§ **What the task asks**
Would you reproduce exactly, and only, the lines starting at the one with "Some game studios" and ending at the last line of the data, with both included? Leave the pictures out.

§ **Saved entries**
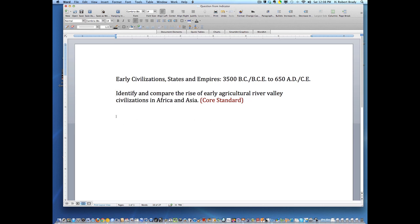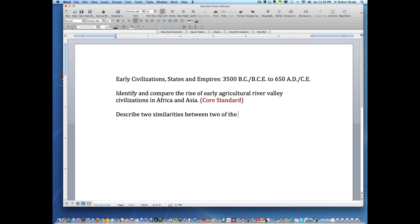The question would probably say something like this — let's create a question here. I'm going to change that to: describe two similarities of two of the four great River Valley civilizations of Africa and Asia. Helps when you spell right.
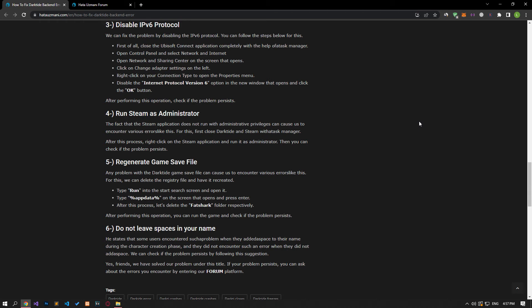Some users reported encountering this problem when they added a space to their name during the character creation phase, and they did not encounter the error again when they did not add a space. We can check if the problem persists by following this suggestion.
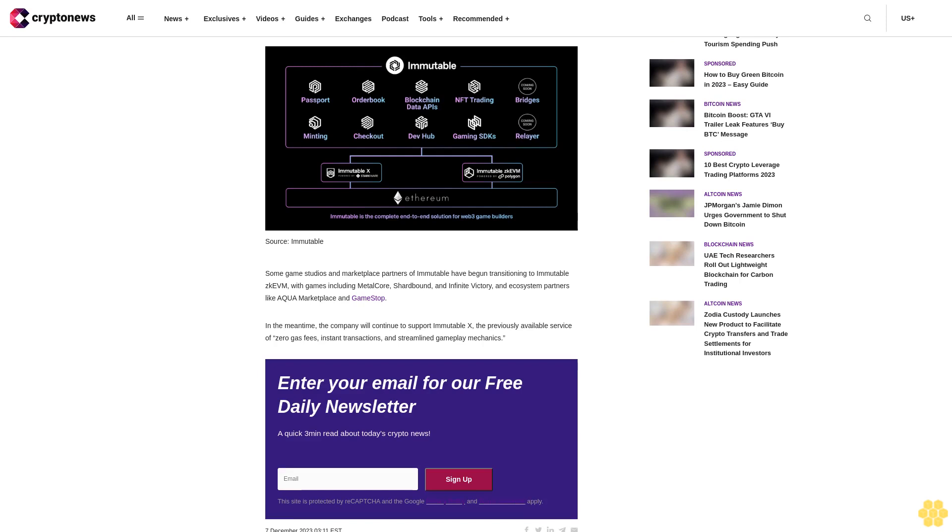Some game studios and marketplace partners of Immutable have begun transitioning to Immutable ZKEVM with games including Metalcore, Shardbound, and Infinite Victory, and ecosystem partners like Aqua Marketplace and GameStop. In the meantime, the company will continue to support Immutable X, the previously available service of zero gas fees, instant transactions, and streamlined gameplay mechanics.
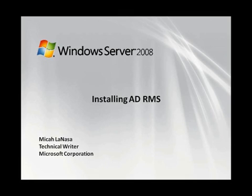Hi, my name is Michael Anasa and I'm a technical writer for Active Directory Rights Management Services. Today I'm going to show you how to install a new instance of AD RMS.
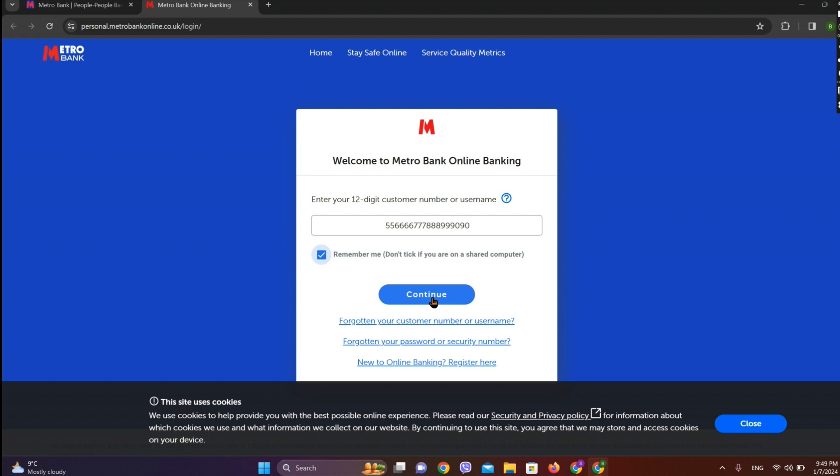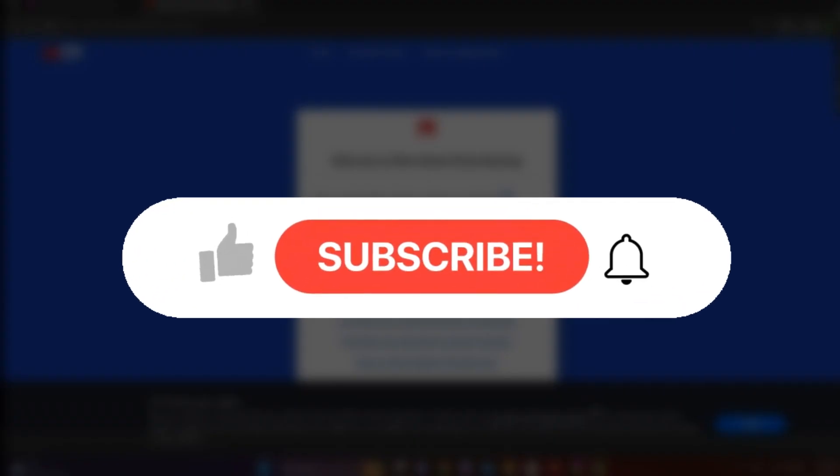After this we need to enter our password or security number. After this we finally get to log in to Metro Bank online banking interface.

§ **Reply to the task**
Some game studios and marketplace partners of Immutable have begun transitioning to Immutable ZKEVM with games including Metalcore, Shardbound, and Infinite Victory, and ecosystem partners like Aqua Marketplace and GameStop. In the meantime, the company will continue to support Immutable X, the previously available service of zero gas fees, instant transactions, and streamlined gameplay mechanics.
Hi, my name is Michael Anasa and I'm a technical writer for Active Directory Rights Management Services. Today I'm going to show you how to install a new instance of AD RMS.
After this we need to enter our password or security number. After this we finally get to log in to Metro Bank online banking interface.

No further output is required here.